Shares closed most recently at $36.02 apiece, less than 2% lower in the past week. Pfizer’s 52-week low of $33.97 was seen in the previous short interest period, and the 52-week high of $46.47 was from this past December. The stock now trades more than 17% lower than at the beginning of the year.
> Shares short: almost 48.18 million
> Change from prior period: −9.7%
> Percentage of float: 1.1
After the third retreat in a row, Intel had the smallest number of shares in the past year. At the average daily trading volume on the latest settlement date, it would take these investors more than two days to cover their short bets.
Intel remains a common top holding in key ESG (environmental, social and governance) funds.
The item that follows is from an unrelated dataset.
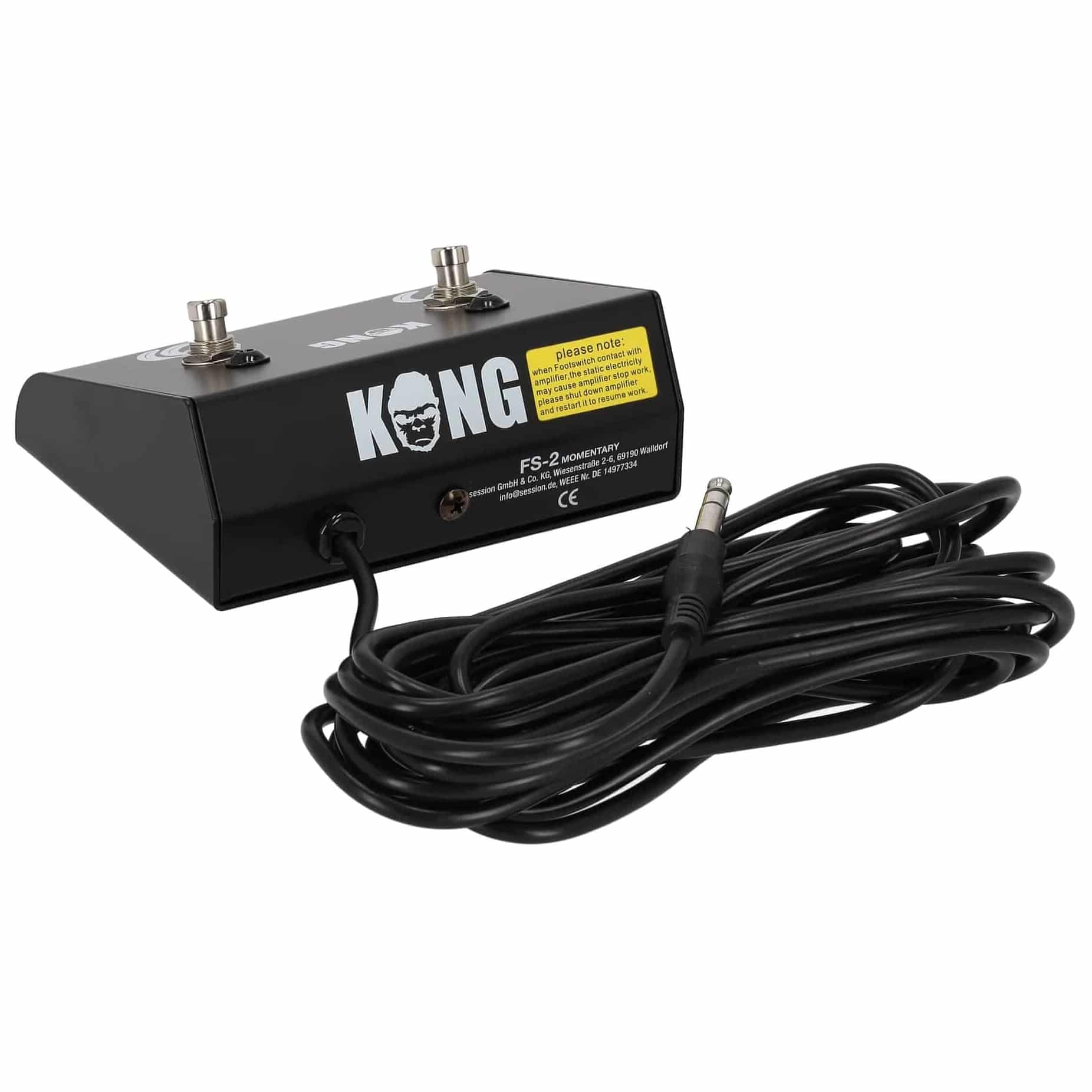 Kong FS-2 Fußschalter Momentary 2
The share price ended the short interest period about 12% higher, much of the gain coming early in those two weeks. Note that the Nasdaq ended those two weeks up around 3%, though it retreated somewhat afterward.
Intel was last seen trading at $49.82 a share, well down from the multiyear high of $59.59 seen this past spring and nearer the 52-week low of $42.36. The latest share price is 6% or so higher than at the beginning of the year, but the Nasdaq is up over 20% year to date and the Dow has seen a gain of less than 16%.
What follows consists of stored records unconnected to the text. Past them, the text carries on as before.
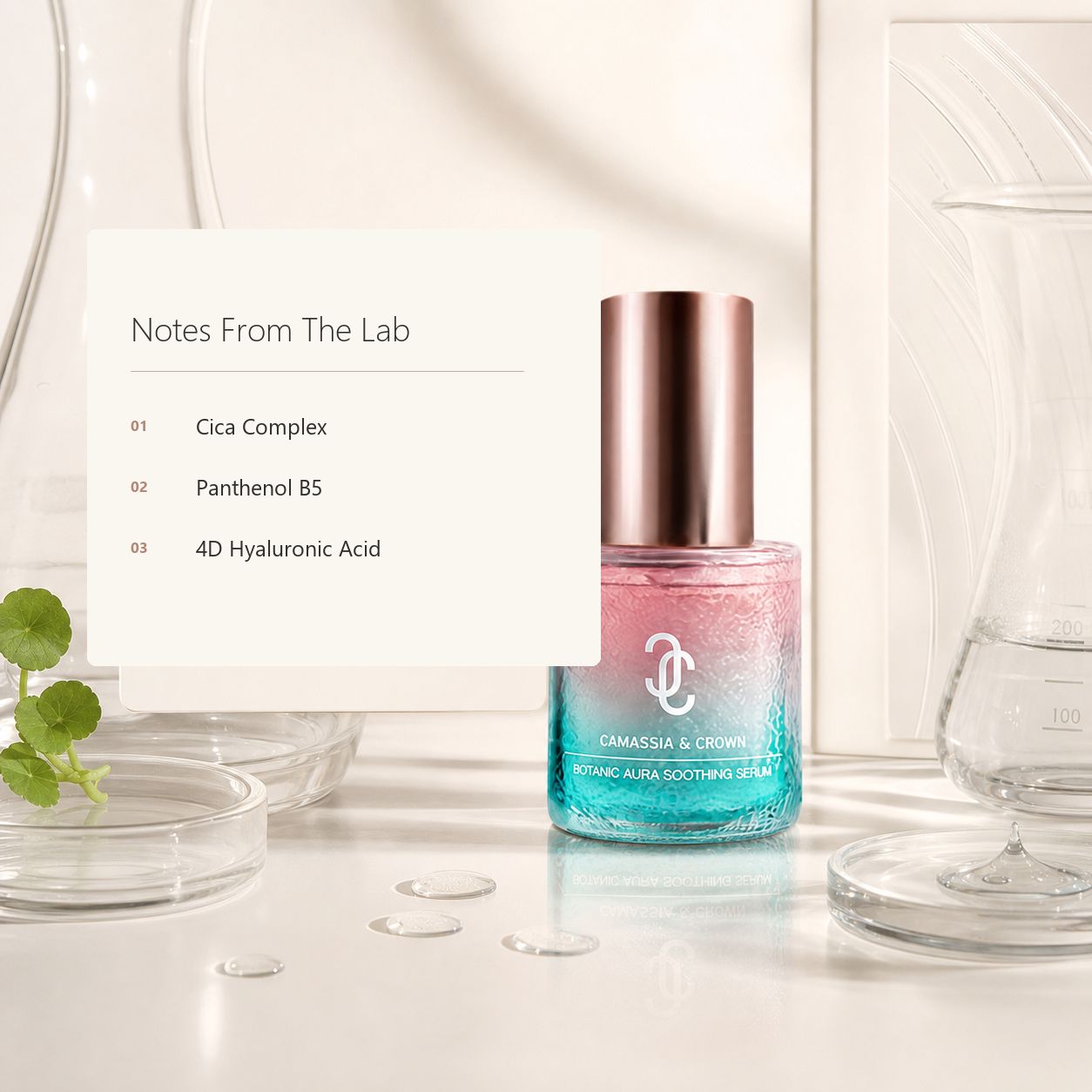 Calmveil Soothing Barrier Serum Lightweight serum for sensitive-feeling, stressed-looking skin
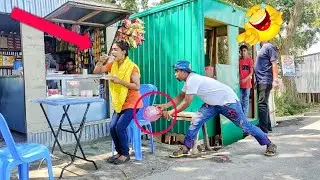 🎈Balloon Prank on Cute Girls😱😱 @Balloon Blast Prank 2021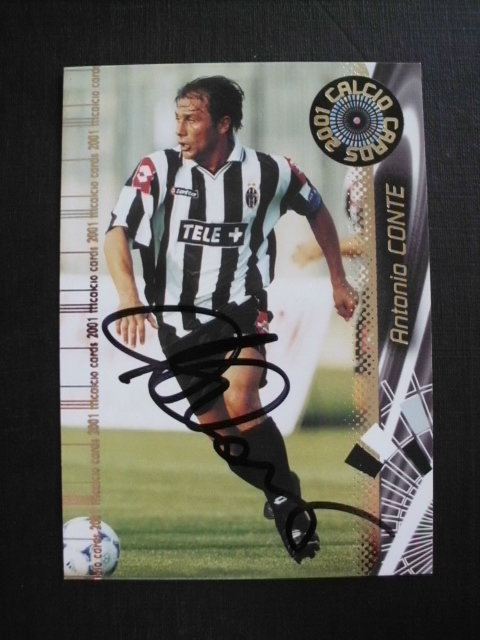 CONTE Antonio / Calcio 2001 - Juventus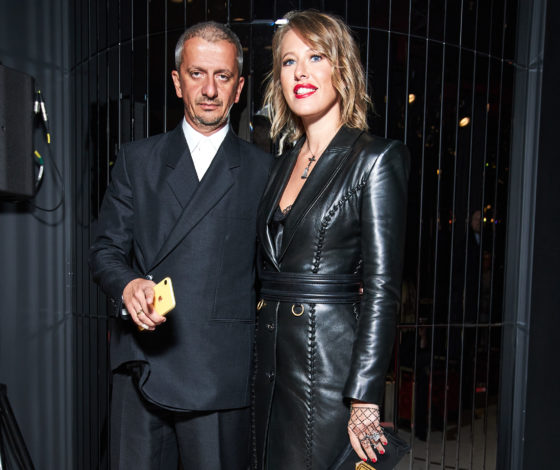 Константин Богомолов, Ксения Собчак, Светлана Бондарчук и другие на премьере «Содержанок-2»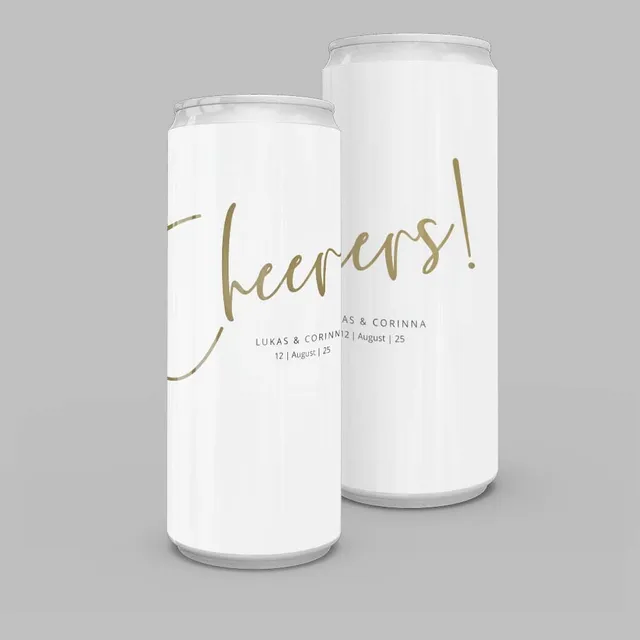 weddingstyle-sektempfang-getr-nkedosen-cheers-slim-personalisiert image 1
> Shares short: more than 46.21 million
> Change from prior period: 0.50%
> Percentage of float: 0.6
Microsoft’s short interest has grown in six of the past eight periods, but the 52-week high of more than 58 million shares short was posted back in January. The days to cover figure slipped just below two as the average daily volume increased somewhat earlier this month.
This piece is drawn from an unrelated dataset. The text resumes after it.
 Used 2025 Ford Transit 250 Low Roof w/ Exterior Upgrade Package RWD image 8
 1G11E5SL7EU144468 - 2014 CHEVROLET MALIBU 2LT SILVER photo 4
Like Intel, Microsoft also is a top holding in a number of ESG funds. Short sellers watched the share price both rise and fall in those two weeks, only to end the period essentially flat. That roller-coaster continued afterward as well. The S&P 500 ended the latter half of last month with a gain of near 3%.
After it ended in the past week with a fractional gain, Microsoft stock closed trading most recently at $137.38 a share. That was in a 52-week range of $93.96 (seen last December) to $142.37 (last week). The most recent share price is over 35% higher than at the beginning of the year, compared to that gain of less than 16% for the Dow.